2020年1月第160号|5-1|あきない遠眼鏡(とおめがね)~越前屋(福井県)、おぬしも(・)悪よ、のう。|

関西電力幹部への賂(まいない)問題、実物の小判まで登場して、話題性は高まる一方だが、元検事総長ひきいる第三者委員会は七百人超を聞き取りした結果、問題の根深さに高浜原発以外にも調査を広げることとなり、年内の報告を断念したことが報じられた。(12月15日)

この件では別途、福井県の歴代幹部109人にも最高額20万円の金品が渡されていたことが報じられている。かたや1億円もの金を受け取った人もいる関電。最高額20万円という福井県。金額の開きが大きいと感じられる向きもいるかもしれないが、私は遠い昔のことを思い出していた。

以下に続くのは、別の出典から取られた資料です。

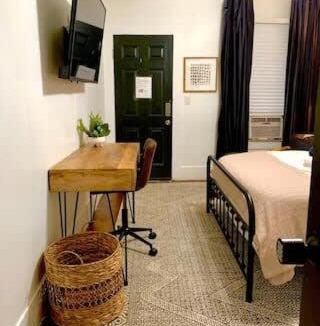 Freetown - Port Rico House | Corporate Comfort in Freetown - Spacious Homes for Work Crews
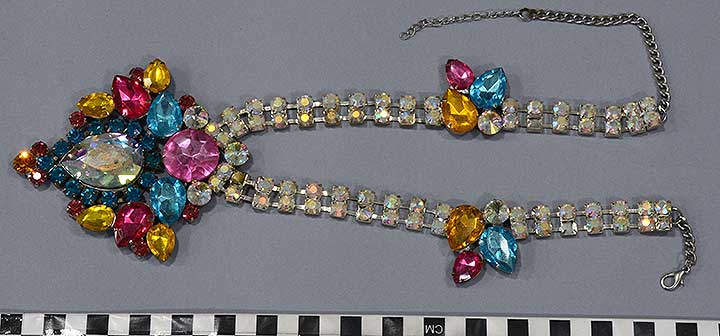 Thumbnail of Drag Costume: Necklace (2022.07.0003)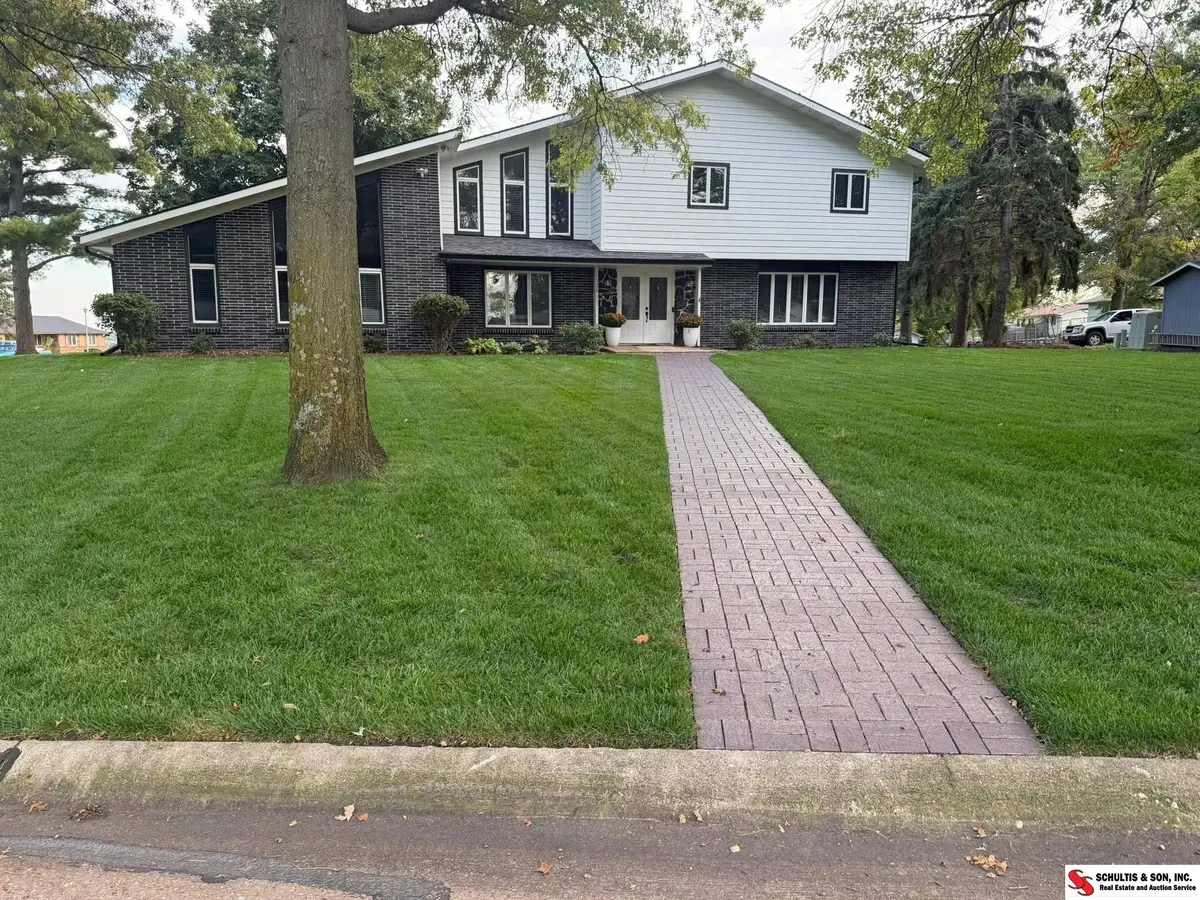 1320 11th Street, Fairbury, NE 68352 - #1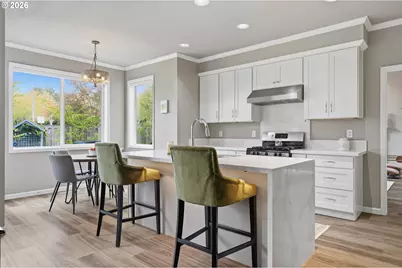 14058 Chatham Ct, Lake Oswego, OR 97035 - Photo 18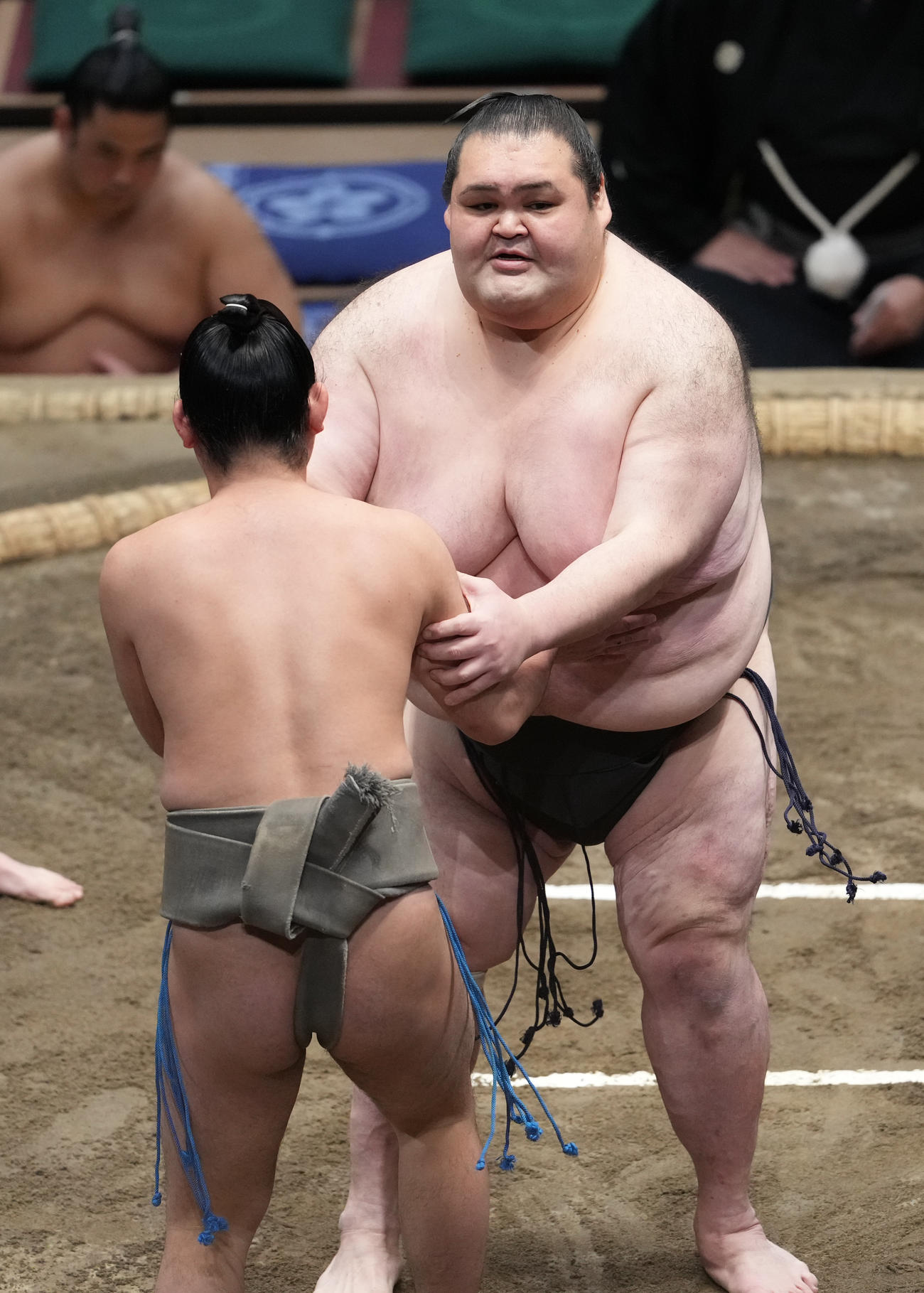 立ち合いでつっかけてしまう謙豊（撮影・小沢裕）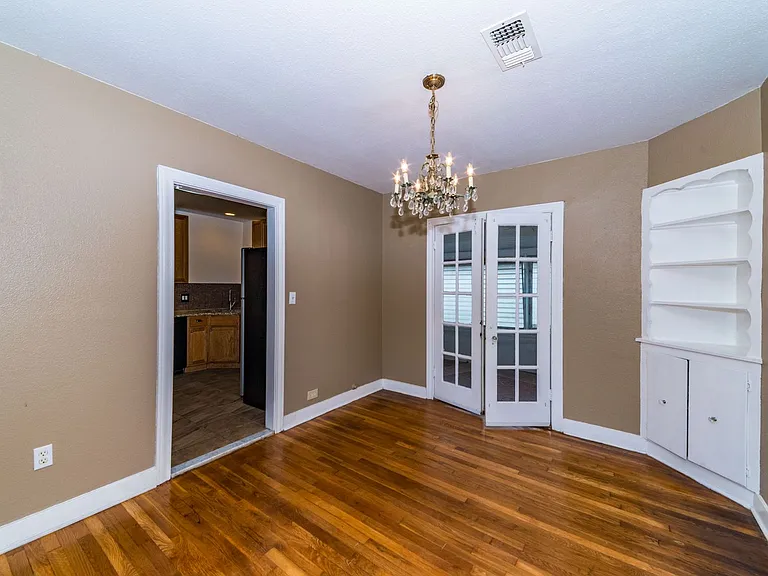 2-Bedroom Monticello Park Duplex - Upstairs Unit — Photo 10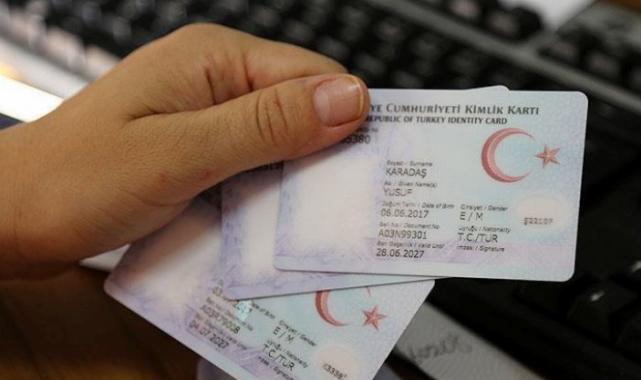 6 milyon kişi eski kimlik kartını kullanıyor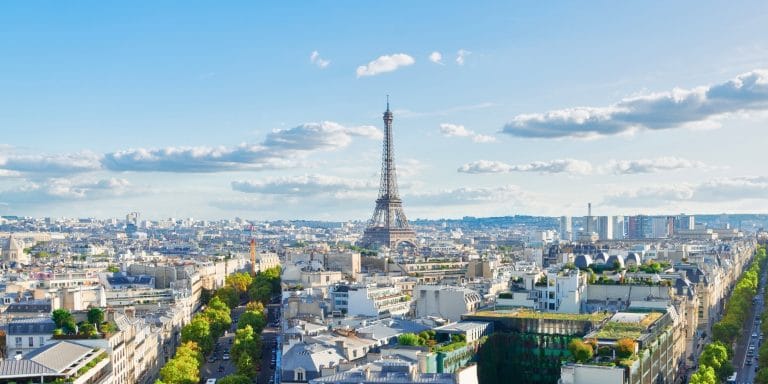 Vista panorámica de la Torre Eiffel y la ciudad de París en Francia
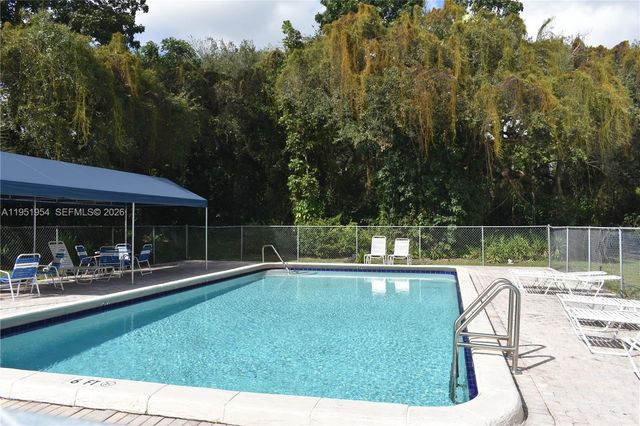 9450 Live Oak Pl 303, Davie, FL 33324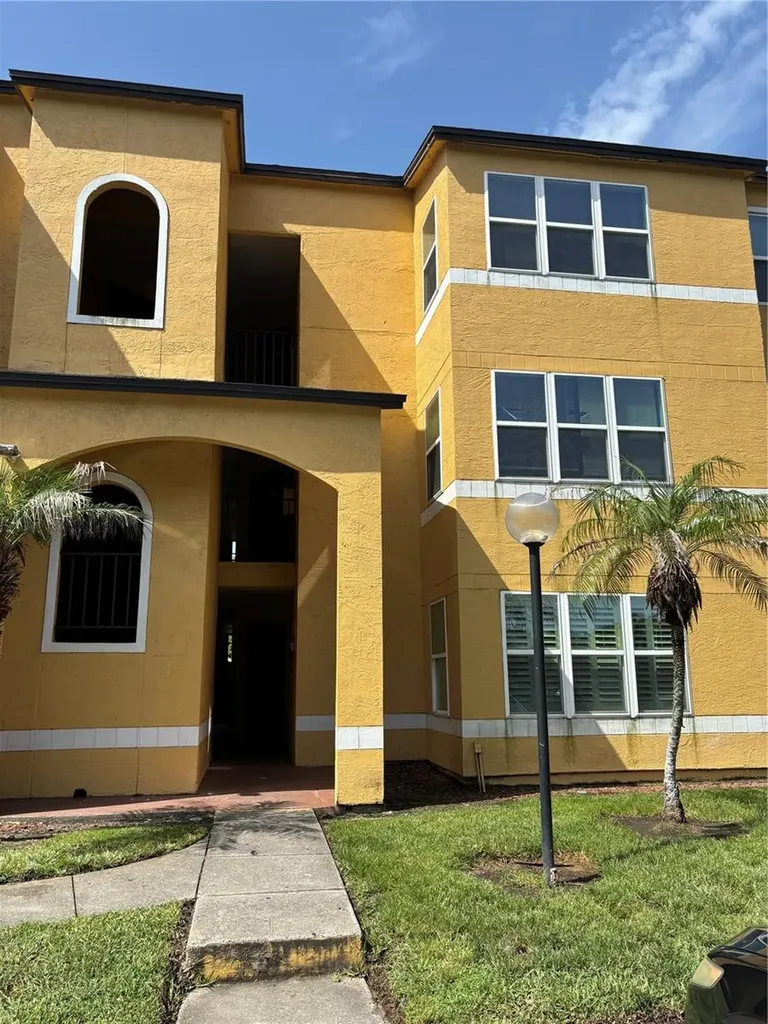 4642 Commander Drive Orlando FL 32822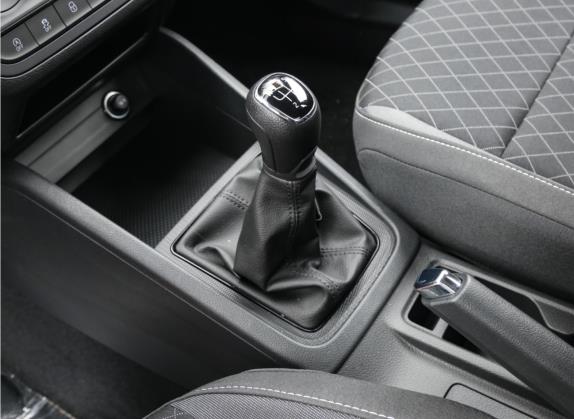 柯米克 2021款 1.5L 手动标准版 中控类   挡把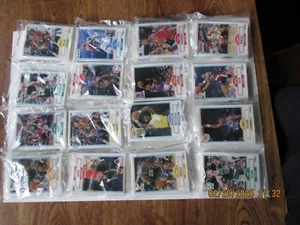 SEDICI [16] PACCHETTI BASKET FLEER 1990.  20 CARTE OGNI CONFEZIONE. - Foto 1 di 4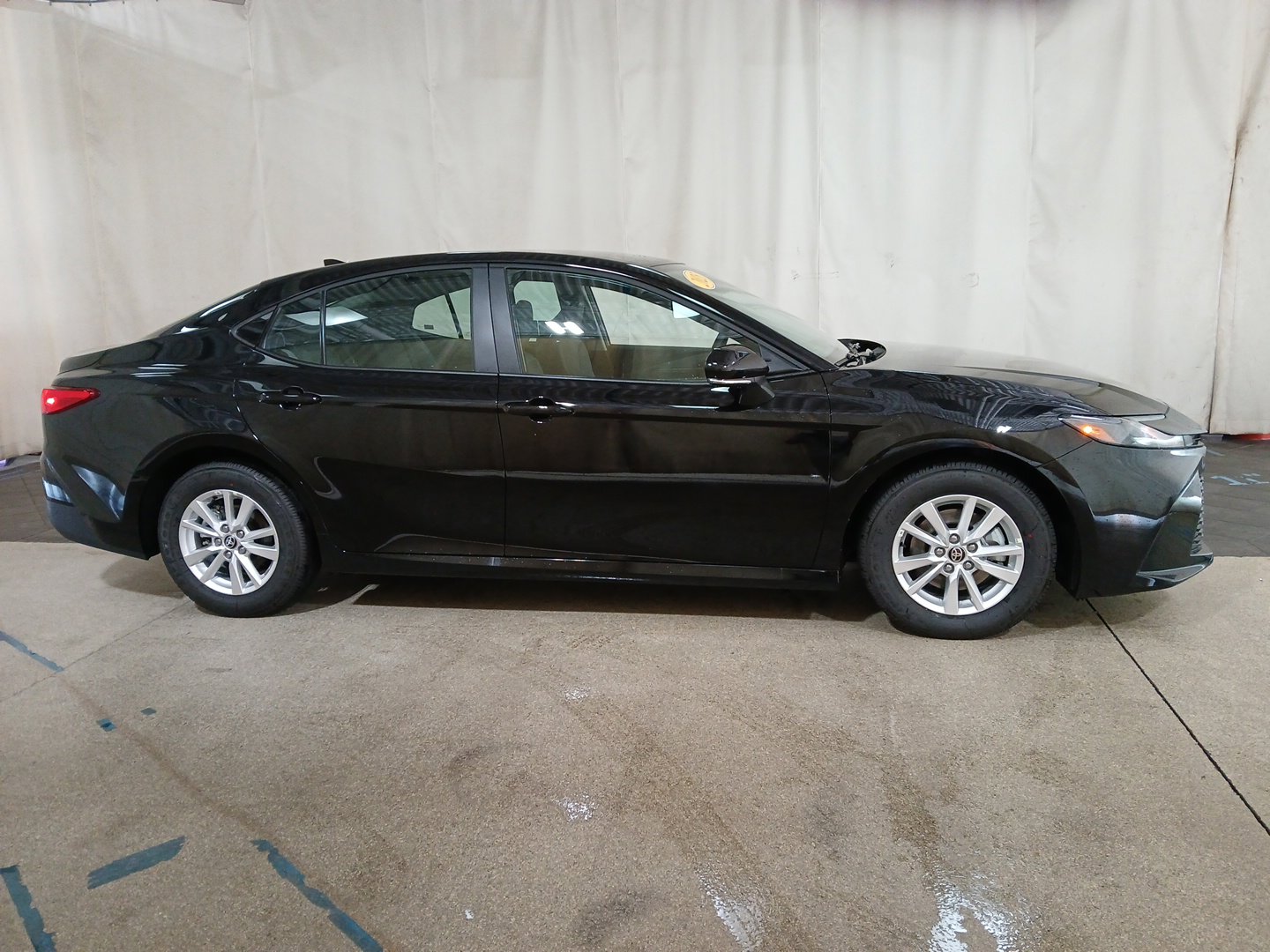 Used 2025 Toyota Camry LE with VIN 4T1DAACK9SU154375 for sale in Park Ridge, IL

昭和30年代、中学生だった私たちはよく悪さをしていた。自転車を連ねて10キロの道を悪童6人くらいで釣りに出掛け、途中で腹をすかすと獲物(梨、ブドウ)のありそうなところで、自転車を停めて、おやつを調達したりしていた。その際には悪事に気の進まぬ級友がいても、無理やり口に押し込んでいたものである。真面目な級友が後日、教師に「事の真相」を「実は…」と報告するのを防ぐためである。一口でも梨をかじった真面目くんに口を割られないように食べさせたというわけだ。

この事件、結末は、口止め工作をしたまではよかったが、教室で「武勇伝」を周りの級友に話した奴がいたために教師の知るところとなり、一同数珠つなぎに職員室(昔は教務室といった)に引っ張られて一巻の終わり。

福井県の幹部への現金、商品券、小判、仕立券などの話に、若き日の悪行から連想して、まさに口止め料だなあと感じたわけだ。もらってしまったら真実はしゃべれなくなる。かといって突き返すのも…ちょっとなあというわけだ。

しかし発電所に関わらない幹部にまで配ったというこの口止め料だが、県民の安全、将来に関わることとなれば、口止めされた人を職員室に引っ張るだけでは終わらせず、癒着の本質にメスを入れてほしいと思っている。

それにしても農家のおじさん、ごめんなさい。